970825


新ガイドラインの先取りは許されぬ

船水 博・連合北海道事務局長に聞く


 北海道では、米空母の小樽寄港や沖縄米軍の矢臼別移転演習、また新ガイドライン・有事法制に反対する闘いが強化されようとしている。連合北海道は、米空母寄港を明確に「ガイドライン見直しの先取り」、具体化とみて、反対の闘いを行っている。
 九月五日からの米空母寄港に対して、連合北海道は七月末反対を表明、各組合は小樽市長、道知事、在札幌米国総領事館に文書抗議行動を行った。
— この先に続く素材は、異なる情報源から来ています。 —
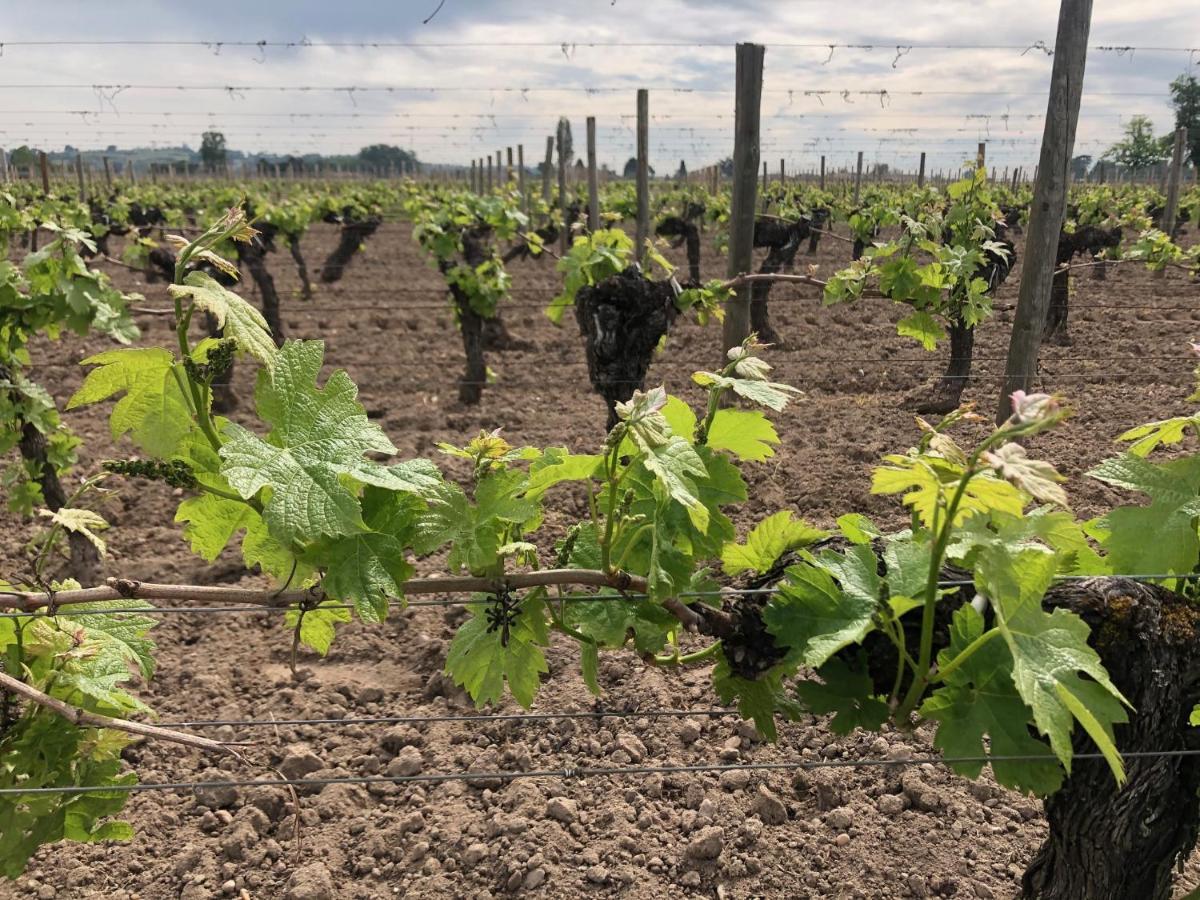 Clos De Bertinat Saint-Sulpice-de-Faleyrens Zewnętrze zdjęcie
八月十九日には連合小樽が千人規模の集会とデモを展開した。
 北海道平和運動センターは、米空母寄港、演習移転、ガイドライン・有事法制化阻止全道連鎖学習集会(五地区)とキャラバンを八月二十一日から一週間くりひろげている。
 矢臼別演習場では九月十八日から十日間、米海兵隊約三百七十人で一五五ミリりゅう弾砲実弾演習が予定されている。これに対して、連合北海道と道農民連盟(約七万戸)でつくられた「演習移転反対対策本部」は九月十五日、北海道平和運動センター、同盟友愛センターの共催も得て釧路で三千人以上の集会・デモを計画している。演習で被害をこうむる農民が、この闘いに積極的に参加していることは注目すべきである。
 また、根室の漁港・花咲港を演習用物資荷揚げに利用しようとすることに、地元の反対の声が上がっている。



 空母インディペンデンスがなぜいま小樽に寄港するのか、目的がはっきりしない。「親善」といわれても、急な話であり、とうてい小樽市や北海道全体が好意を寄せて招くという状況にはなっていない。
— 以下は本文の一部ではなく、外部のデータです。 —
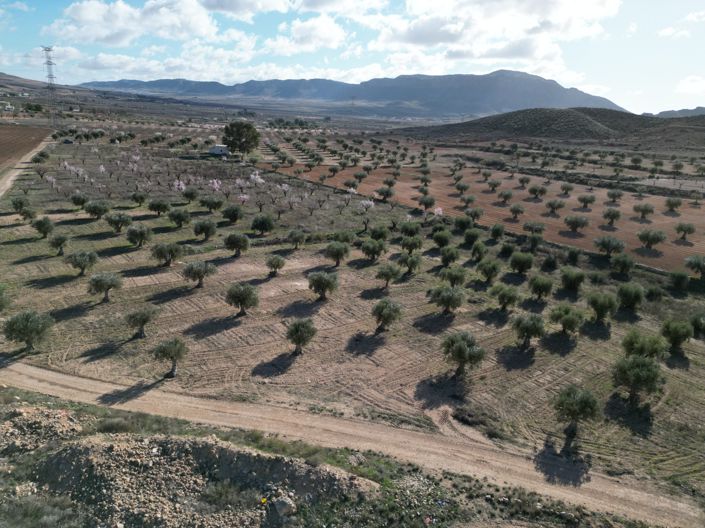 Image No.3-Land for sale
 港湾能力の問題もある。きっ水の深さ、回転する余裕など入港できるのかどうか。安全性の問題では、インディペンデンスは今月初め、横須賀で大量の油漏れをやっているのできわめて危惧(きぐ)される。

 また空母が入港すれば、民間船は沖で待機するケースも起こり得るのではないか。米軍は約三千五百人来るといわれており、小樽のふ頭には民間の荷揚げ施設もあるので、混乱回避、安全確保ができるのか。というように、問題点は現時点で実に多い。

 そもそも小樽港のような民間一般港の米空母利用は、日米安全保障条約のもとにおいても初めてのことである。こんにち「日米安保ガイドライン」の見直しが、九月に開催される臨時国会などにおいて議論される状況にあり、米空母の小樽への寄港は、先の自衛隊機のカンボジア派遣を含め、これから国民的議論を必要とする課題である。今回の事態は、まさに「ガイドラインの見直し」を先取りする意図が明らかである。ガイドライン見直しの先取りは許されない。

 核廃絶、軍縮の面からみても、入港艦船の核搭載の有無については、従前から(別の艦船でも)入港のたびに小樽市としては質問を出していた。しかし、いっさい返答がなかった。返答がないことは、「核を積んでいない」ということにされてきた。しかし、空母の場合は他の艦船と違って積んでいる可能性が高い。そうなれば、小樽市民としてはいっそう心配の種となる。

 小樽市は「核兵器廃絶平和都市宣言」を十五年も前に出し、また道の八十七市町村も「非核都市宣言」「平和都市宣言」を出しているので、果たして他の市町村の同意を得られるのか。軍縮の側面からすると、とても受け入れ難い。

 北方領土問題解決の関係でいえば、最近米ロ関係が雪解けムードにあるが、矢臼別に実弾演習が来て、さらにインディペンデンスも来ることになれば、日本と隣国ロシアとの関係にとってよくないことになるのではないか。

 以上のように、いろいろな角度から見て、連合北海道としては今のところ「寄港は認め難い」という見解を明らかにしている。

 われわれはすでに団体署名を開始しているが、もう少し事態がはっきりしてからより強い意思表示をすることになるだろう。



米空母寄港に反対する小樽集会宣言(要旨)

 小樽市は、一九八二年六月に『核兵器廃絶平和都市宣言』を行い、東西冷戦体制の崩壊した今日では、ロシアや北朝鮮などとの近隣対岸交流を中心とする平和な商業・観光都市、港として発展し、確固たる地位を築いてきた。その小樽港への寄港は、ガイドラインの先取りの意図が明らかであり、許されることではない。今回の寄港が有事の際の軍事利用の実績づくりとなって、小樽港が横須賀港に次ぐ拠点・軍港化されることには断固反対するものである。常に核兵器搭載疑惑がつきまとっているインディペンデンスなどの寄港は、平和を愛する小樽市民に大きな不安を与えるだけでなく、港湾で働く勤労者の仕事や生活をおびやかすことになる。われわれは、寄港は断固認めず、広く小樽市民・道民世論に訴える行動を展開する。